__ABOUT THIS EXERCISE__
Which lines run from the one containing "SilviaPastori Chat XXX in diretta" to the end of the material below? Copy them exactly, pictures excluded.
====
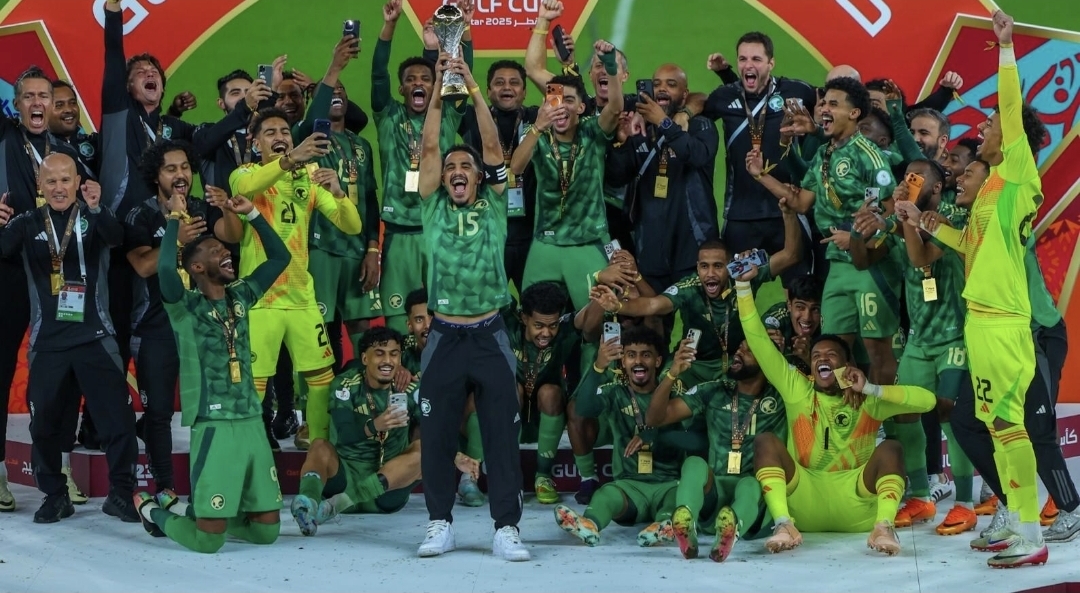 الأخضر السعودي يعانق المجد.. وكأس الخليج العربي تزيّن خزائن الوطن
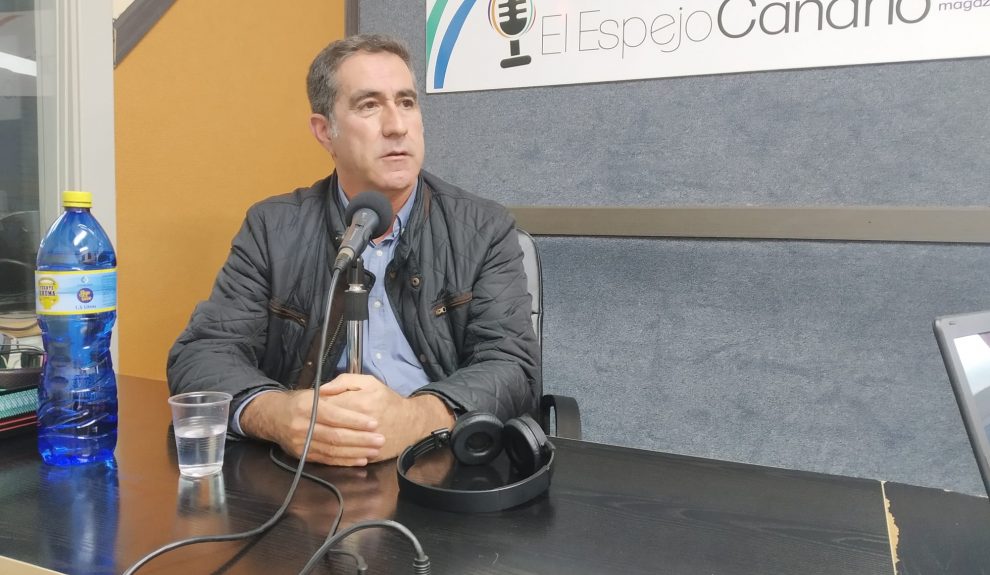 Francis Candil en los estudios de El Espejo Canario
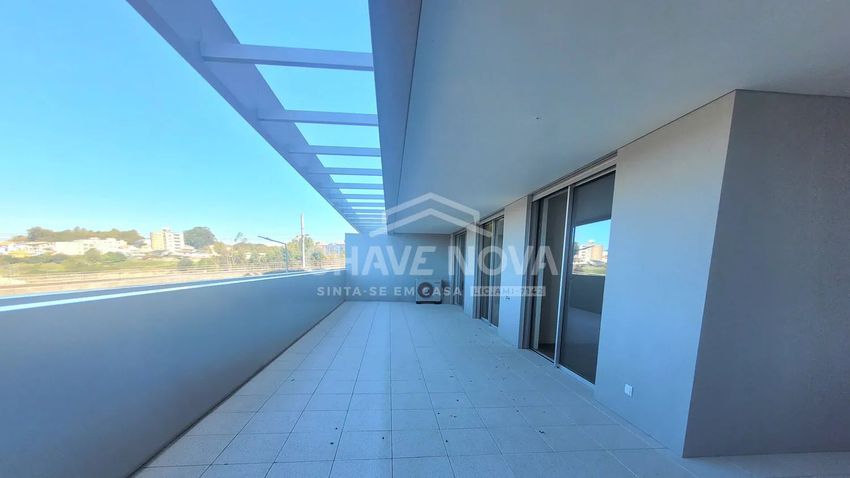 Imagem Terraço de apartamento t2 em Rua Dr. Albino Sousa Aroso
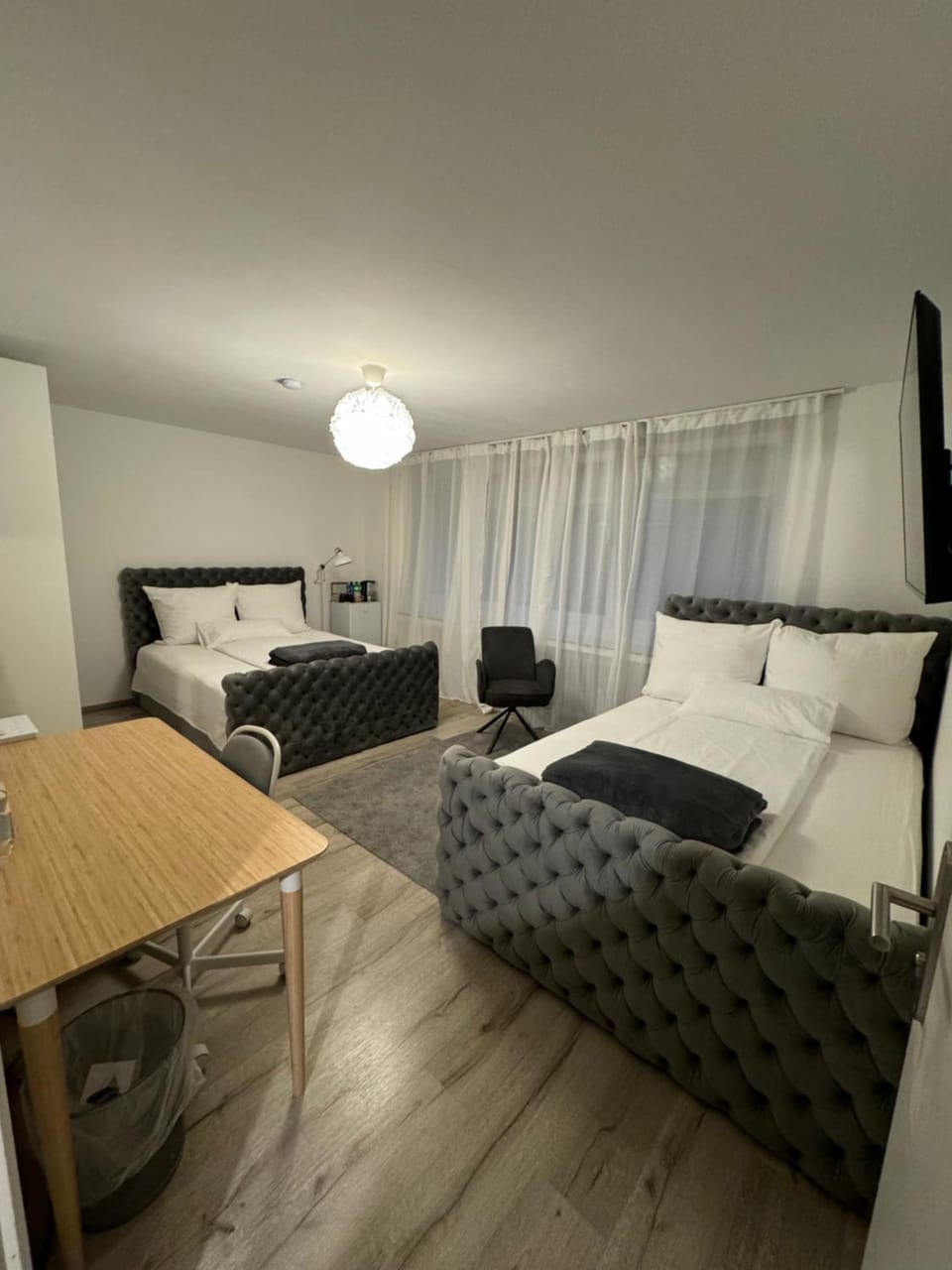 Bed, TV and multimedia, Living room, Photo of the whole room, Bedroom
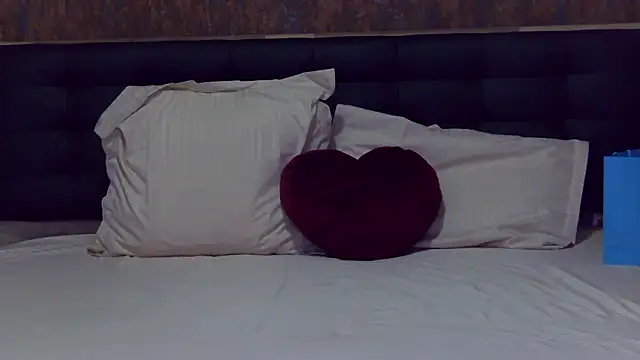 SilviaPastori Chat XXX in diretta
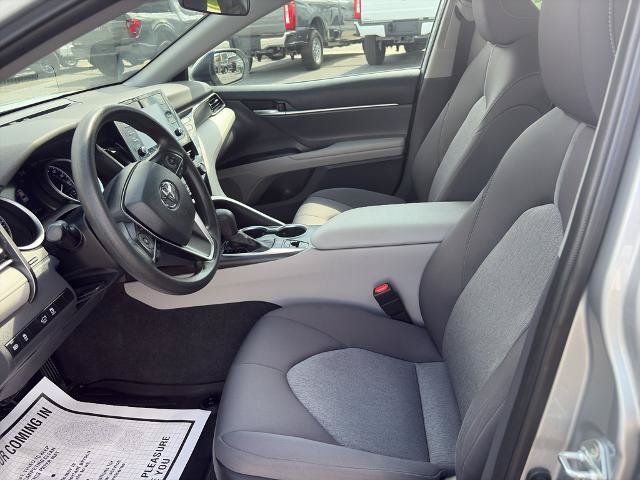 Used 2022 Toyota Camry LE AWD/4WD image 14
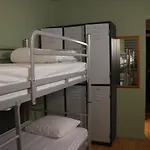 Es Hostel Midi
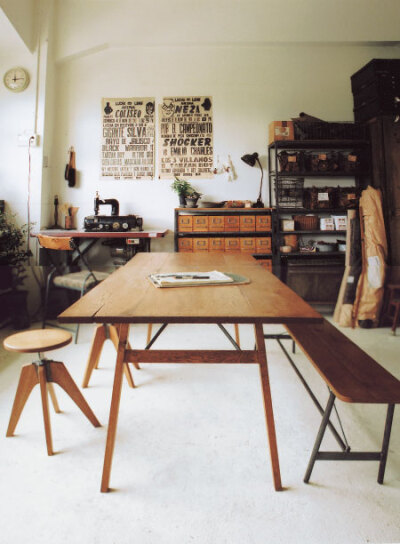 日本品牌“TRUCK”1997年设计师Tokuhiko Kise 和 Hiromi Karatsu gegründet创办，纯粹的日本简朴风格，干净而简单的家具，工业和质朴相结合，目前也只有大阪一家店。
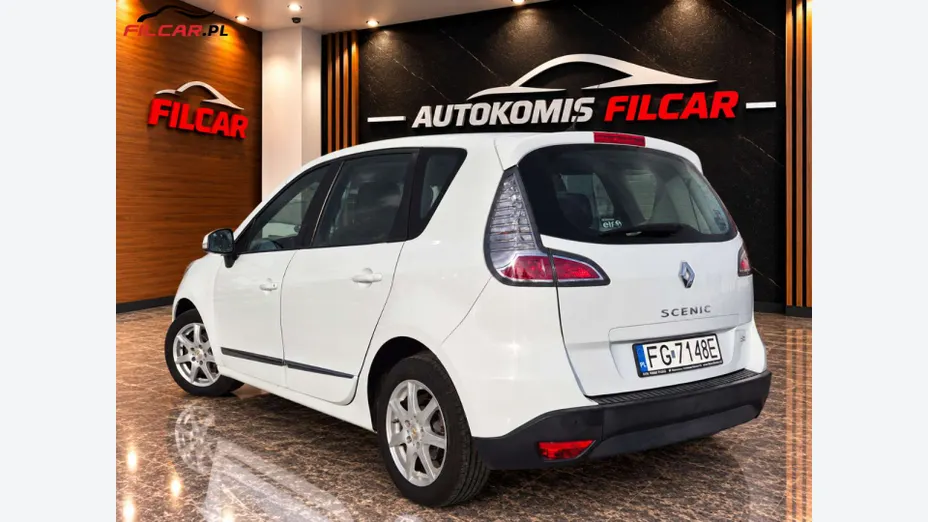 RENAULT Scenic -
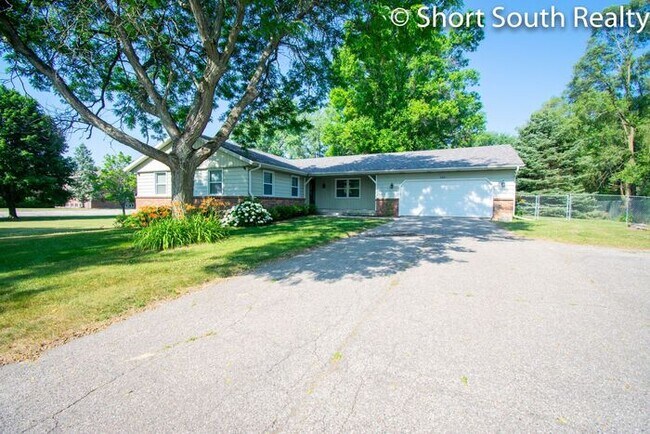 Building Photo - Rockford 4 bed 2.5 bath single family home.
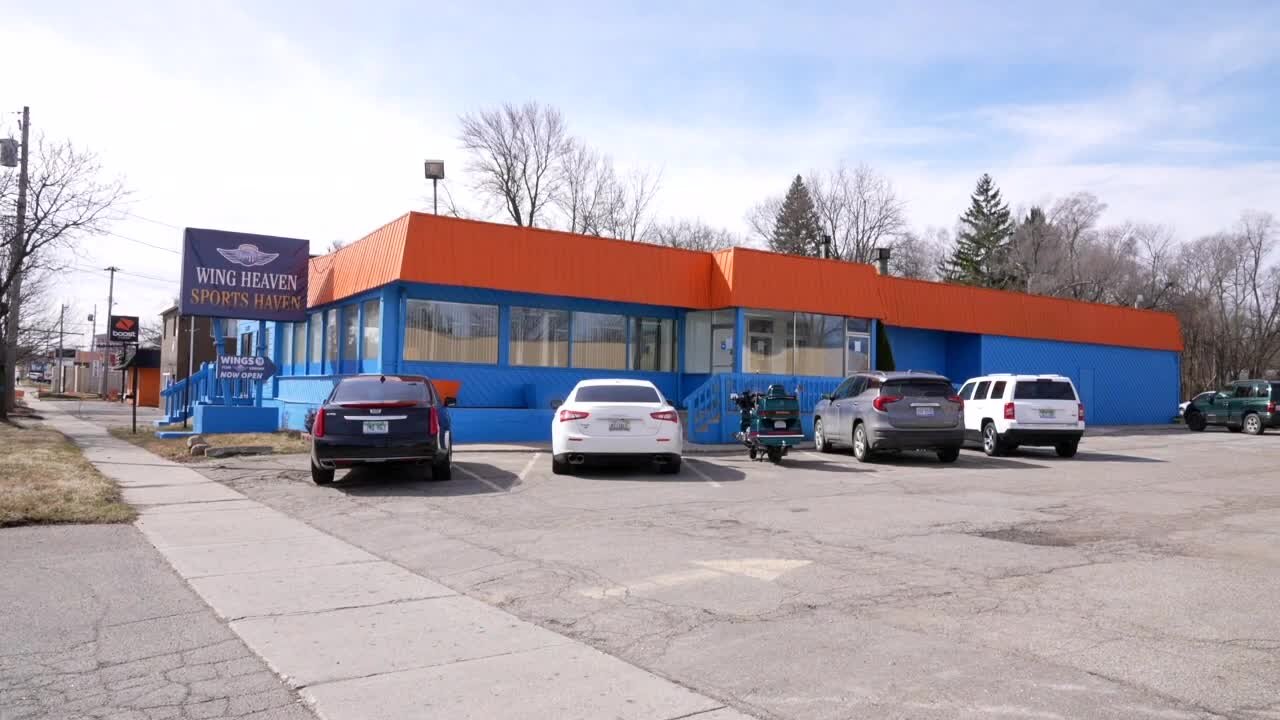 Michigan’s first sober bar opens in Lansing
====
__ANSWER SPACE__
 SilviaPastori Chat XXX in diretta
 Used 2022 Toyota Camry LE AWD/4WD image 14
 Es Hostel Midi
 日本品牌“TRUCK”1997年设计师Tokuhiko Kise 和 Hiromi Karatsu gegründet创办，纯粹的日本简朴风格，干净而简单的家具，工业和质朴相结合，目前也只有大阪一家店。
 RENAULT Scenic -
 Building Photo - Rockford 4 bed 2.5 bath single family home.
 Michigan’s first sober bar opens in Lansing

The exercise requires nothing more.